» Exercise prompt
Where the data below begins, start duplicating lines exactly, and finish with the line containing "two young girls"; add nothing else. Leave the pictures out.

Brief descriptive captions
------------------------------

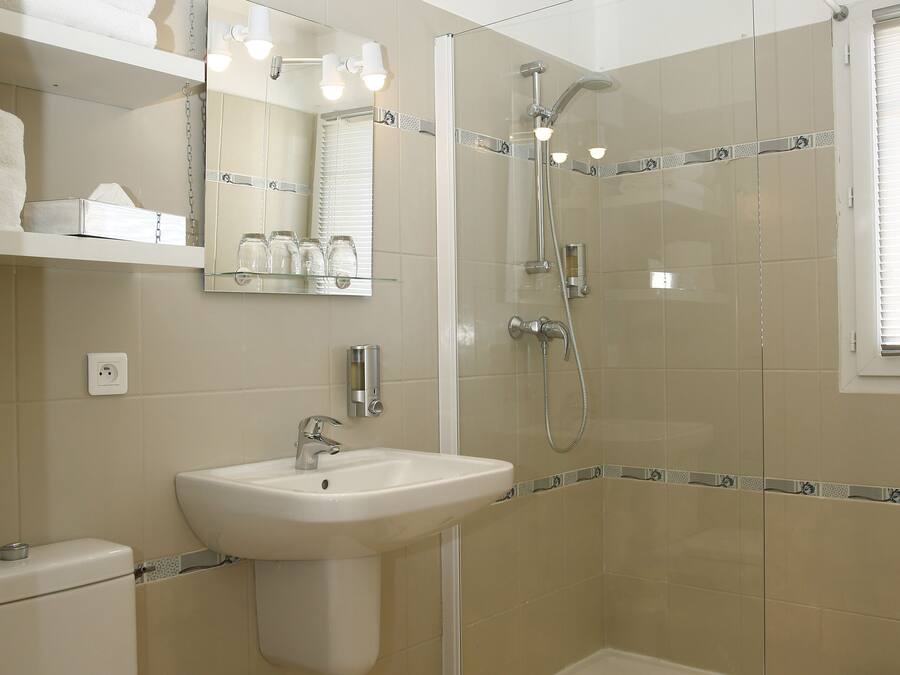 A modern bathroom with a glass-enclosed shower, a sink, and a toilet.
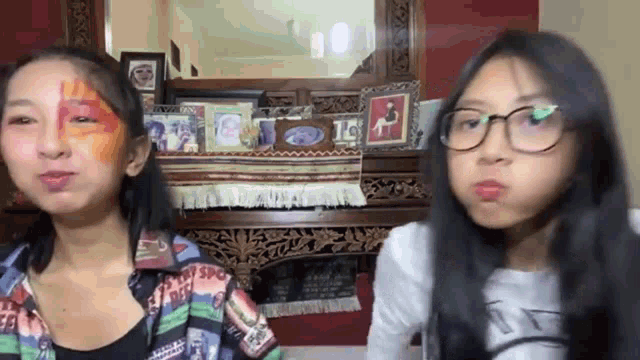 two young girls are sitting next to each other in a living room .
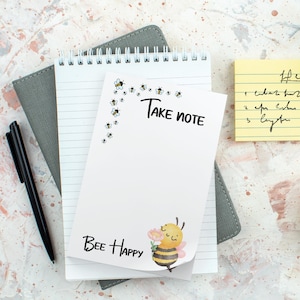 May include: A white spiral notebook with the text "Take Note" and "Bee Happy" printed on the cover. The cover features a cartoon bee holding a flower and small bee illustrations. A black pen and a yellow sticky note are also visible.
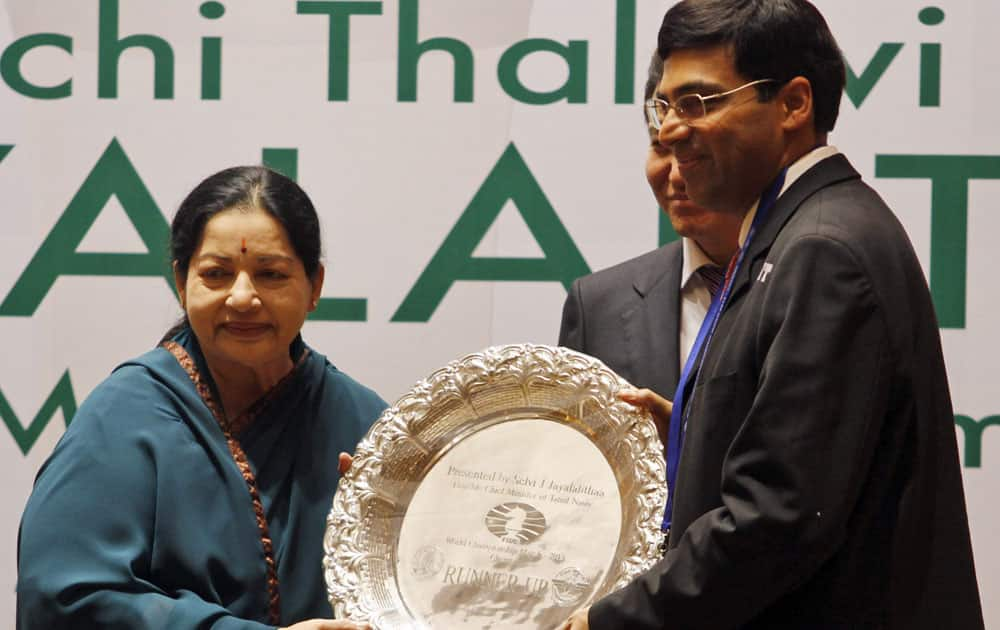 India's Viswanathan Anand, poses with the runner-up trophy presented by Chief Minister of Tamil Nadu state J. Jayalalitha after loosing his title against Norway's Magnus Carlsen in the World Chess Championship, in Chennai.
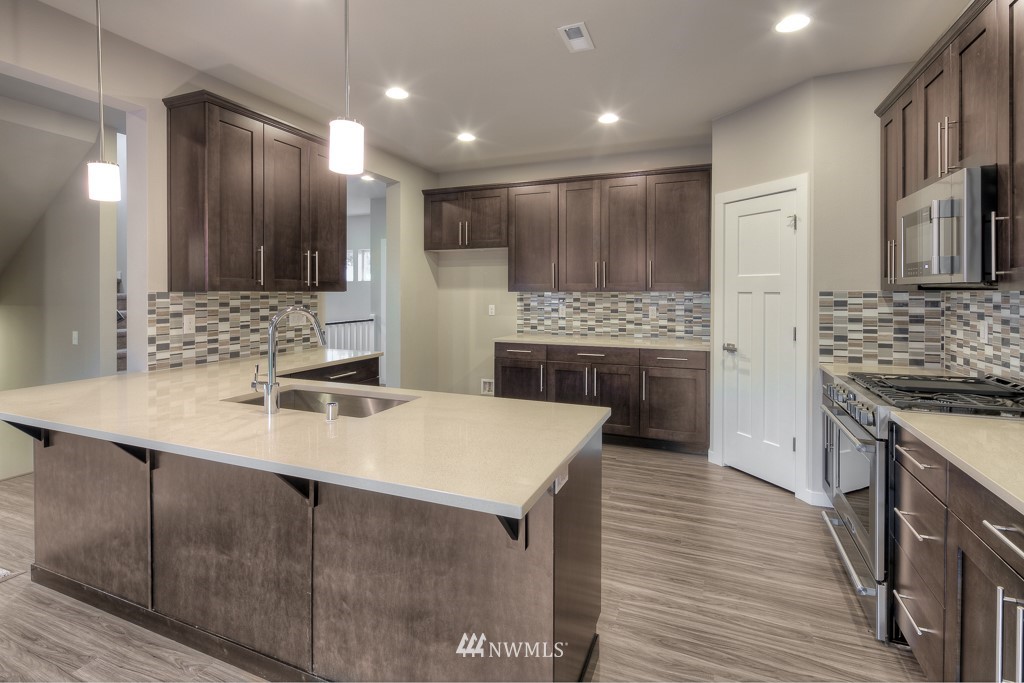 2125 228th Place Southwest, Unit EP12 Bothell, WA 98021 - Photo 6 of 16 a kitchen with kitchen island a sink stainless steel appliances and cabinets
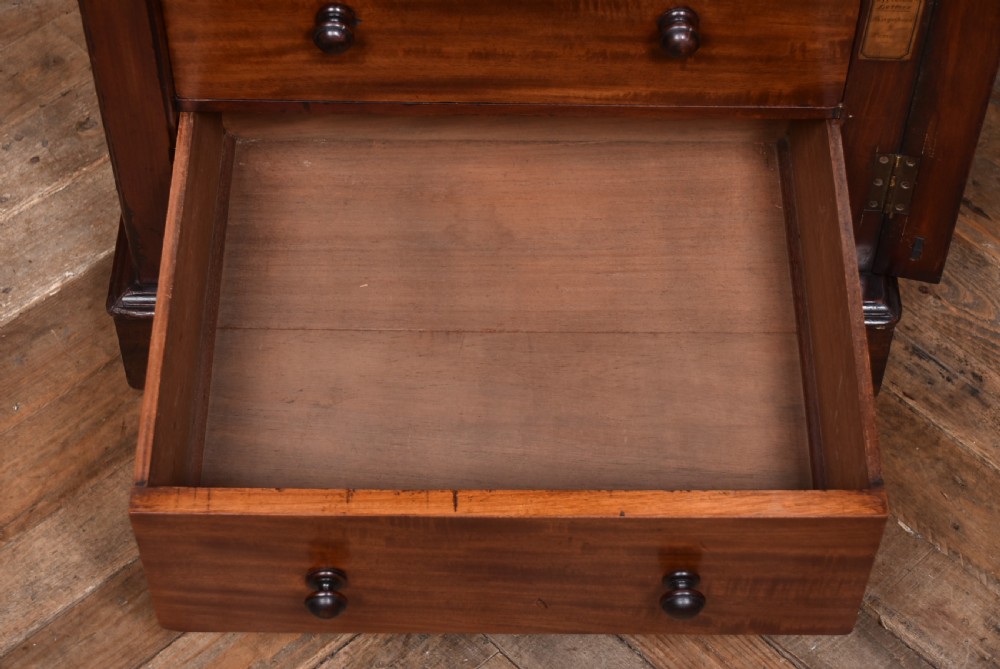 A tall Victorian mahogany Wellington chest with nine drawers, turned handles, and a side locking bar. View XII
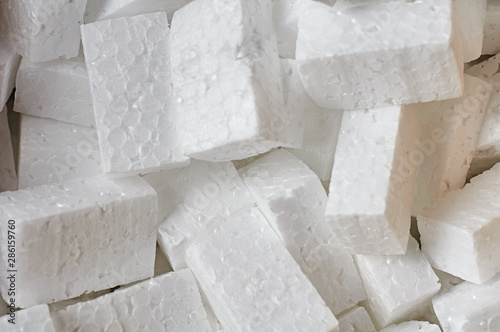 Heap of many rectangular pieces of styrofoam for packing parcels. Close-up. Background photo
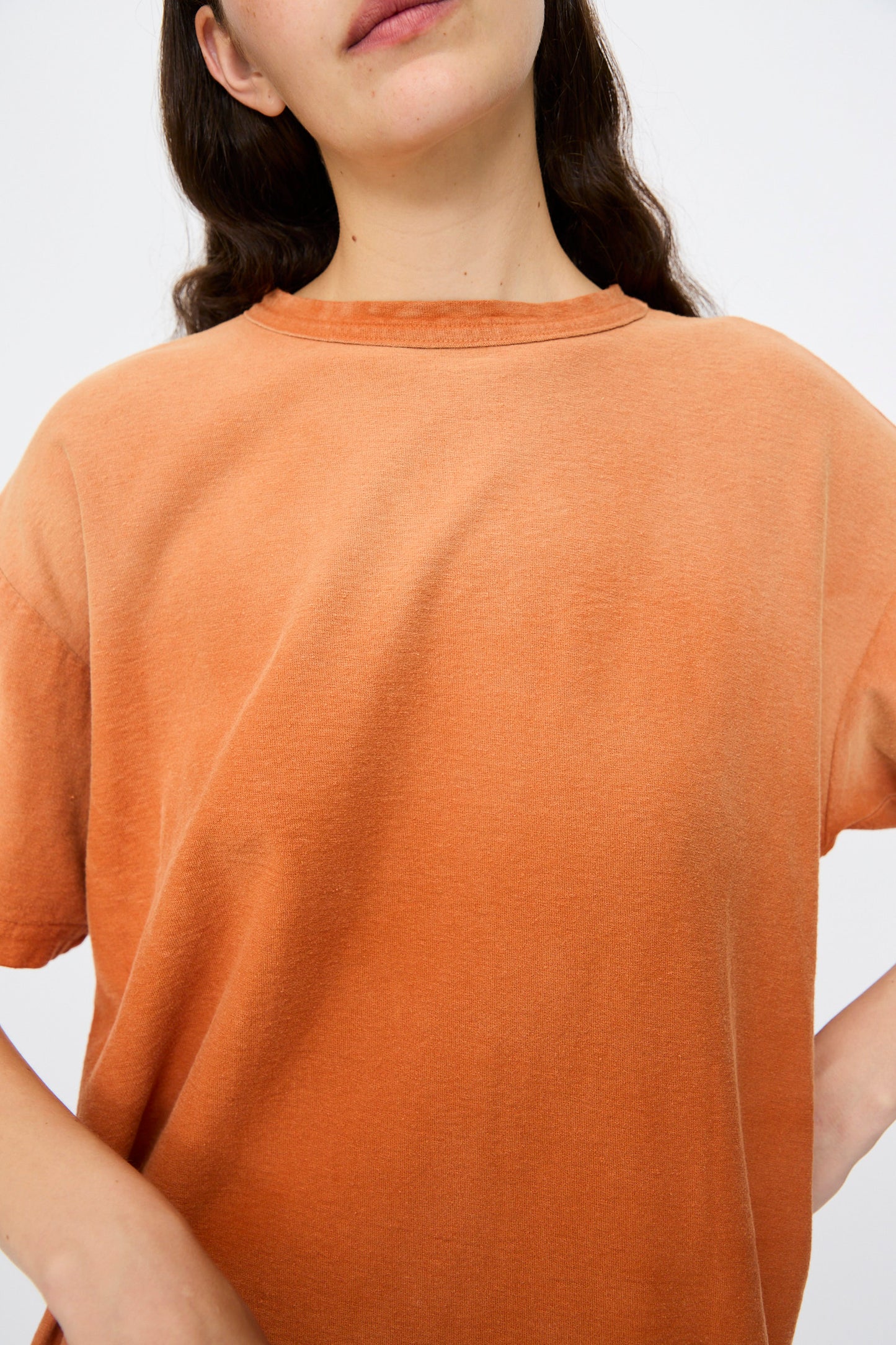 A person wears the Dr. Collectors Model T. Sunfaded in Rust—an orange, vintage-look loose fit tee—shown from shoulders to mouth against a plain backdrop.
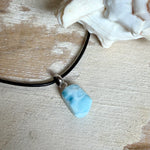 Larimar Freeform Anhänger mit rhodinierter Silberöse an schwarzer Lederkette. Der seltene, kostbare Larimar („Atlantisstein“) zeigt ein lebendiges Muster aus Türkis- und Weißtönen. Beidseitig tragbar, Steingröße ca. 2 x 1 cm, Lederkette 45 cm mit Edelstahl-Karabiner und 5 cm Verlängerung. Natürlicher, maritimer Unikatschmuck.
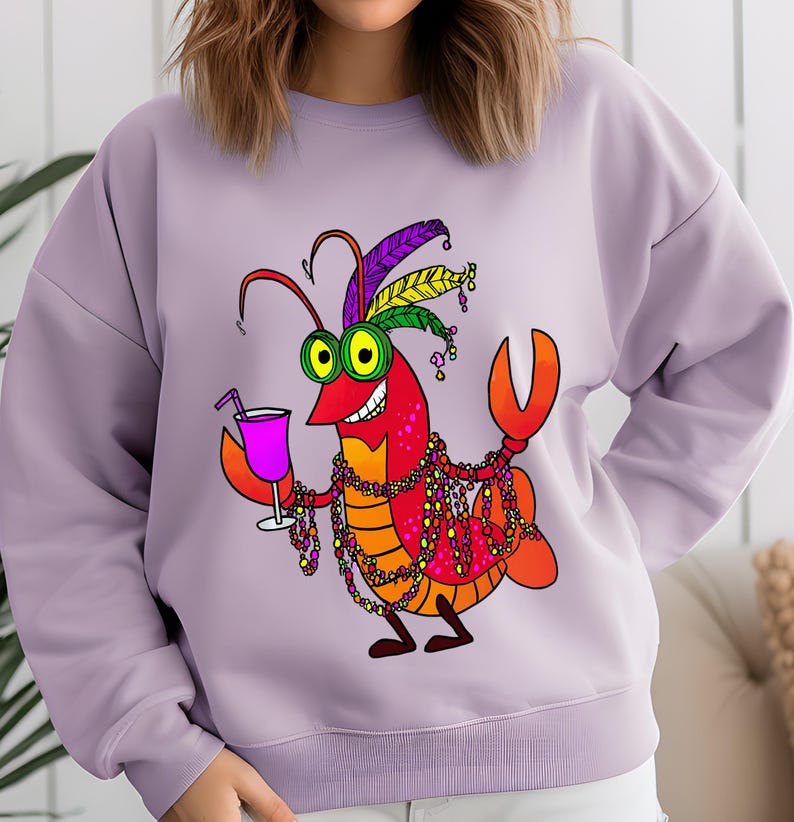 May include: A light purple sweatshirt featuring a cartoon crawfish character. The crawfish is red and orange, wearing a feathered headdress, holding a cocktail, and adorned with beaded necklaces. The design is a fun, festive graphic.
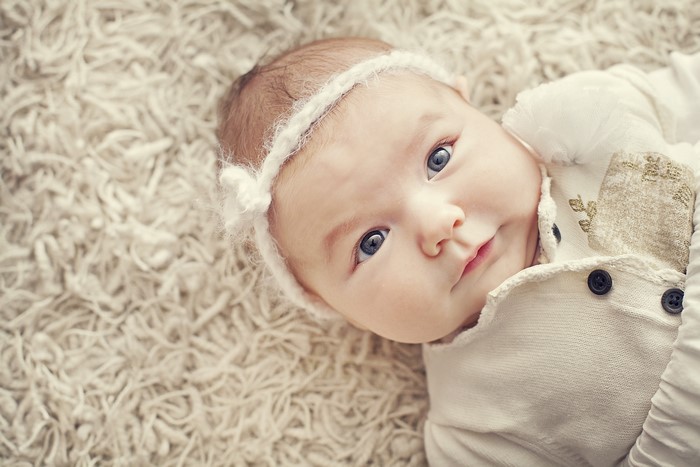 Infant with blue eyes wearing a white headband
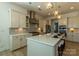 A beautifully designed kitchen with large island and stainless steel appliances, accented with stylish pendant lighting at 7133 Sumters Camp Trl, Fort Mill, SC 29707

------------------------------

» Result of this exercise
 A modern bathroom with a glass-enclosed shower, a sink, and a toilet.
 two young girls are sitting next to each other in a living room .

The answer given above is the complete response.